Ernest Hemingway: A New Life, by James M. Hutchisson (University Park, PA: Pennsylvania State University Press; 320 pp., $37.95). As readers and critics had learned everything that is important to know about Hemingway and his work decades ago, subsequent books about the novelist have concentrated on viewing and re-viewing him from various angles.  Hutchisson admits that while Hemingway may not have been the greatest American writer, or even the author of the greatest American novel, he remains nevertheless “the American writer.”

Whatever sort of assessment this is, it is not a literary one.  Hemingway wrote one immortal novel (The Sun Also Rises), a book of first-rate short stories (In Our Time) and many other excellent or good stories, one fine novella (The Old Man and the Sea), and one fine but underrated work of narrative nonfiction (Green Hills of Africa).  The rest of his work was either mediocre (e.g., For Whom the Bell Tolls), weak (Across the River and Into the Trees), or embarrassing (To Have and Have Not), thus providing the basis for Harold Bloom’s judgment that he was a minor novelist with a major style.  Since both Hemingway’s art and his persona are widely regarded today as either artistically dated or politically offensive, or both, and his books mostly neglected by academia—the only part of society where some people still read classical literature, however badly—just who is interested in more books about Hemingway these days is a puzzle.

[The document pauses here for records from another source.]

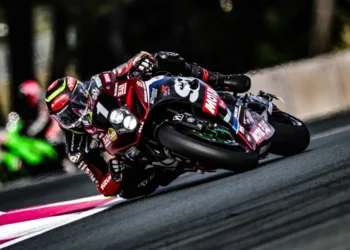 Confronto Épico no Bol d’Or 2025: Conheça as 53 Equipas Prontas Para Conquistar a Corrida de 24 Horas já este fim de semana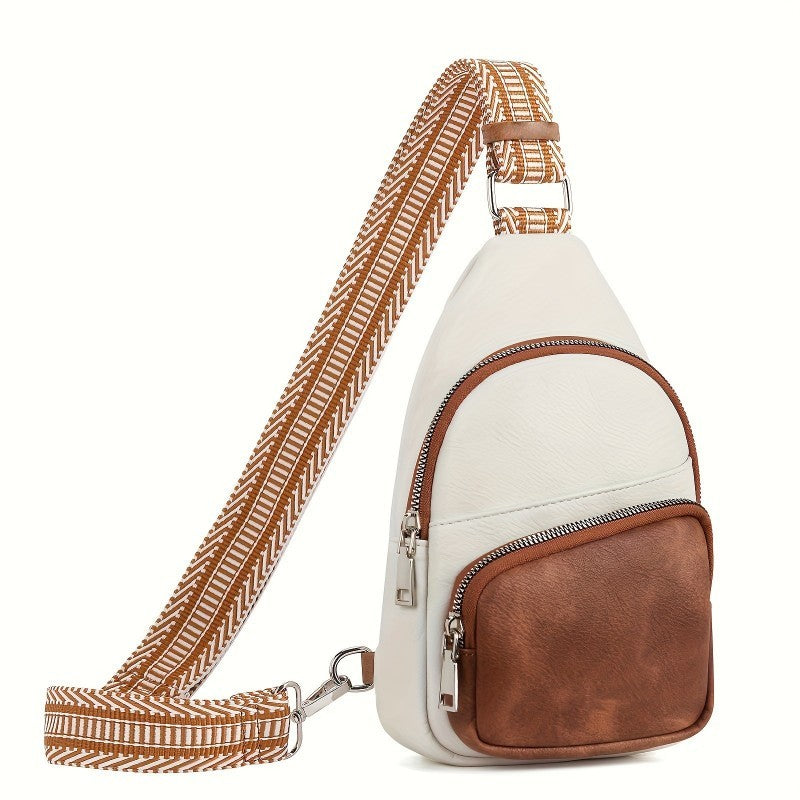 Fashion Casual Bags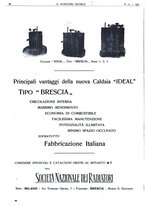 giornale/TO00189246/1921/unico/00000338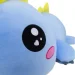 '  Wp Merchandise -  (FWPDRGONLOLI24BL0)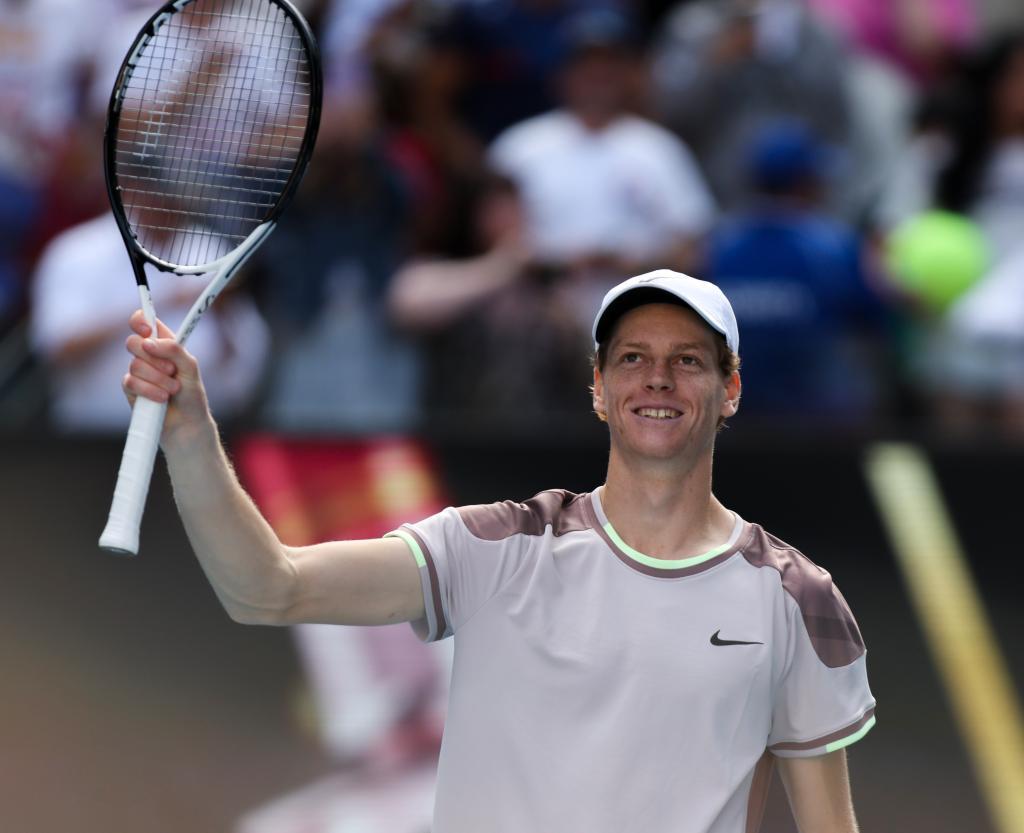 对抗环境中 对抗环境中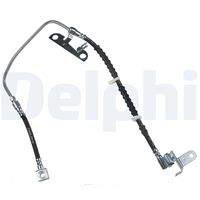 DELPHI LH6925 Bremsschlauch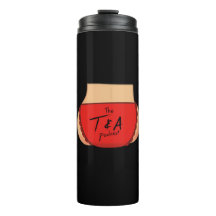 T&A Tumbler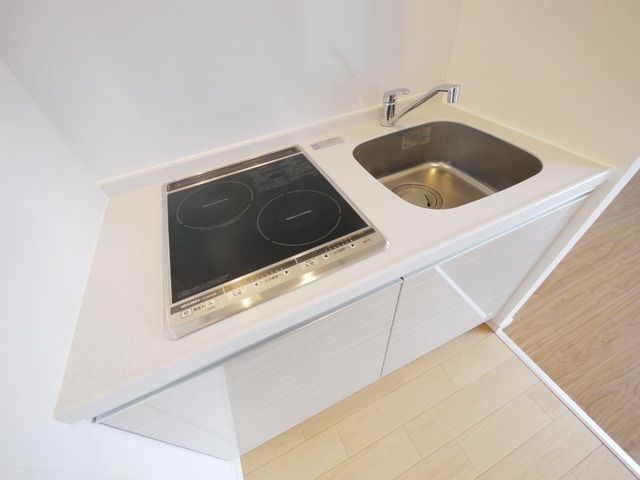 キッチン　★システムキッチン★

Nevertheless, the books keep coming for now, a good thing of course, though no longer a necessary one.  Hutchisson’s book, well and interestingly written for the most part, inevitably rehashes a great deal of material that has been known about his subject, it seems, forever.  The value of his “New Life” is that it is chiefly an explanatory one that seeks unapologetically to defend Hemingway against recent biographers who have emphasized his many and considerable personal faults and his frequently abominable actions and behavior, and in this the biographer is successful.  Ernest Hemingway, from early manhood, led a progressively self-destructive life that damaged or destroyed many other people and ended, unsurprisingly, in outright suicide.  Hutchisson is extremely good at describing the demons that rode him and the suffering they caused him, and he strikes an admirable balance between excuse and generous empathy that culminates in his treatment of Hemingway’s final desperate act early on the morning of July 2, 1961.  Hutchisson’s account of the events of the previous year or two shows beyond doubt that Hemingway, owing to emotional depression, alcoholism, his various physical illnesses, and the conflicting medications he was given to treat them, was not mentally competent and so morally responsible, when he pulled the triggers on his W. & C. Scott & Son Monte Carlo B shotgun, as by then there was virtually nothing left of the poor man.  Of all previous biographies of Ernest Hemingway, Hutchisson’s is by far the saddest.